* TASK DESCRIPTION:
Could you print exactly the lines of the listing below, starting at the line that has "Shop Tom Ford" and ending at the line that has "6-инчов електрически преносим", and only those lines?

* THE DATA:

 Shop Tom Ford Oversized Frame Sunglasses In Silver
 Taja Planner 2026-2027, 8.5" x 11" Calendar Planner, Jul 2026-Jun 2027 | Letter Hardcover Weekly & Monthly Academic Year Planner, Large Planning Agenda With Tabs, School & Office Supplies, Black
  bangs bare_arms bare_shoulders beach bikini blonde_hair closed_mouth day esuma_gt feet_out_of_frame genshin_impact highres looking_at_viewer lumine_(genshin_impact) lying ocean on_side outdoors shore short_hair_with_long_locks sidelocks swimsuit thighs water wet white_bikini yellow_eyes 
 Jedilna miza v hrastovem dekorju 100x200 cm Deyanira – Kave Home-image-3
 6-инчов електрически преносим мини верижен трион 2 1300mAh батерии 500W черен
* * *
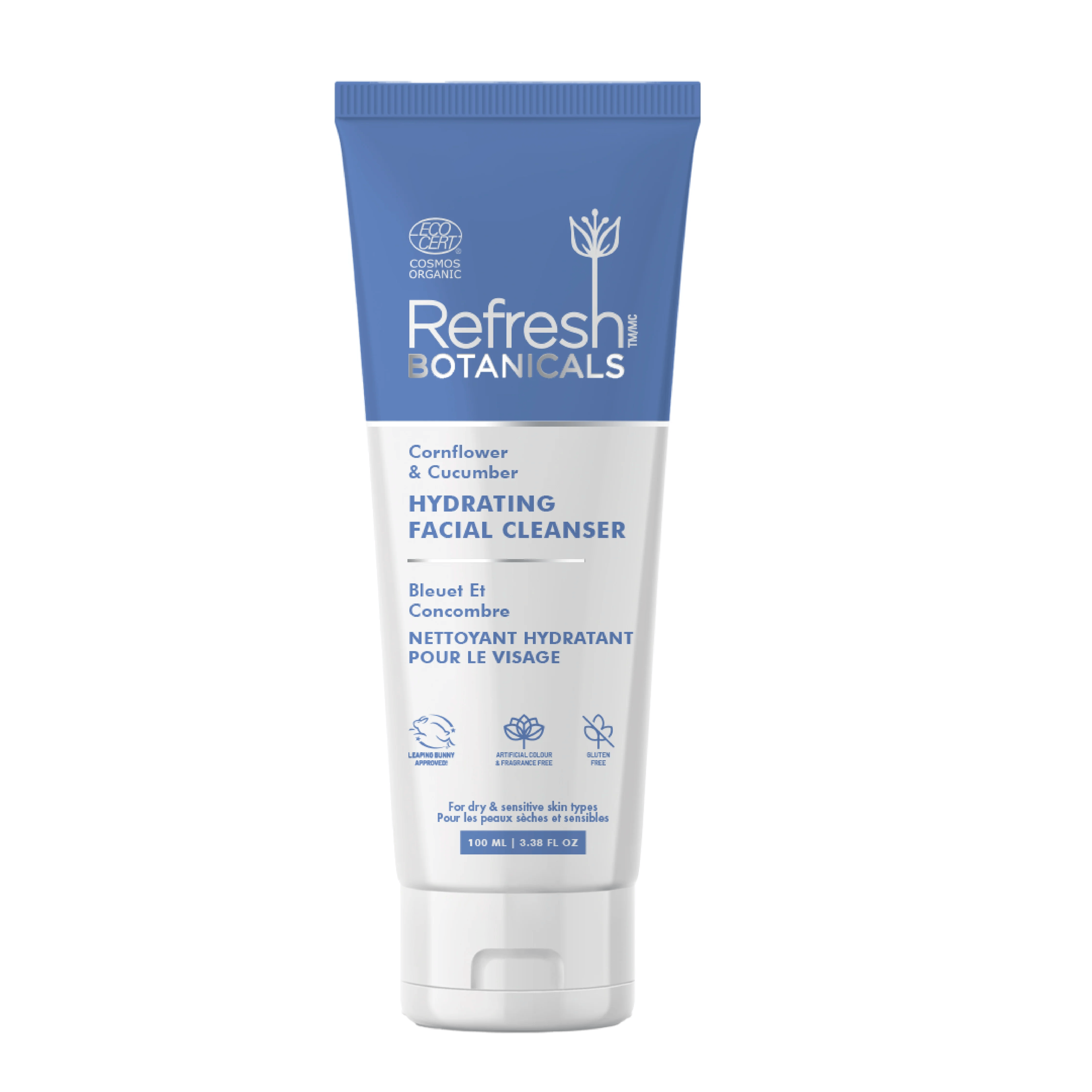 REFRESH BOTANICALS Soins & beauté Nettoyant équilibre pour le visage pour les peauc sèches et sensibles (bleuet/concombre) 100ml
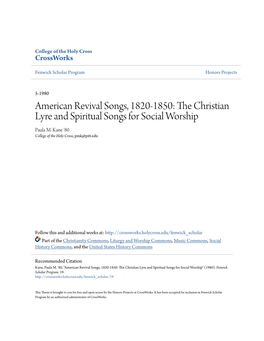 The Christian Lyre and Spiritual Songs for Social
--
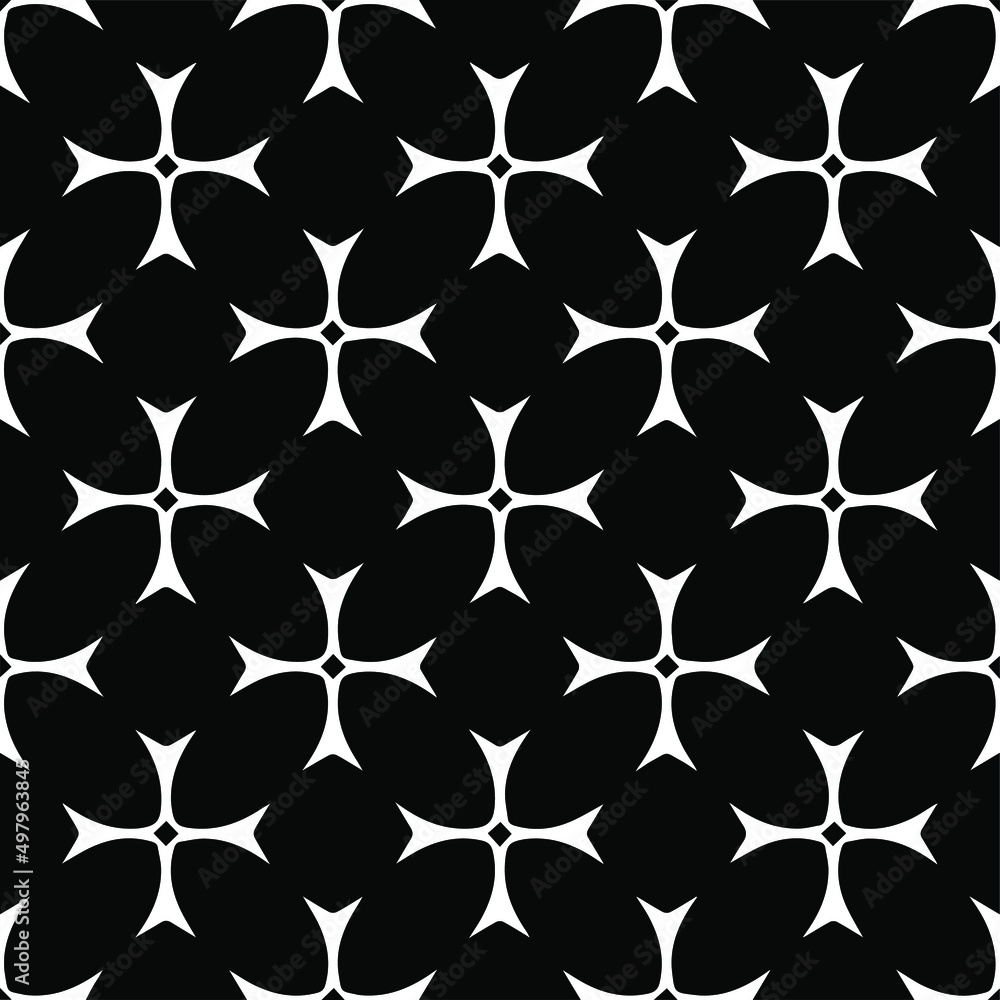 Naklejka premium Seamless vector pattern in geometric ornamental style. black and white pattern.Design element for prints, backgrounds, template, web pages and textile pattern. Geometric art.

* OUTPUT OF THE TASK:
 Shop Tom Ford Oversized Frame Sunglasses In Silver
 Taja Planner 2026-2027, 8.5" x 11" Calendar Planner, Jul 2026-Jun 2027 | Letter Hardcover Weekly & Monthly Academic Year Planner, Large Planning Agenda With Tabs, School & Office Supplies, Black
  bangs bare_arms bare_shoulders beach bikini blonde_hair closed_mouth day esuma_gt feet_out_of_frame genshin_impact highres looking_at_viewer lumine_(genshin_impact) lying ocean on_side outdoors shore short_hair_with_long_locks sidelocks swimsuit thighs water wet white_bikini yellow_eyes 
 Jedilna miza v hrastovem dekorju 100x200 cm Deyanira – Kave Home-image-3
 6-инчов електрически преносим мини верижен трион 2 1300mAh батерии 500W черен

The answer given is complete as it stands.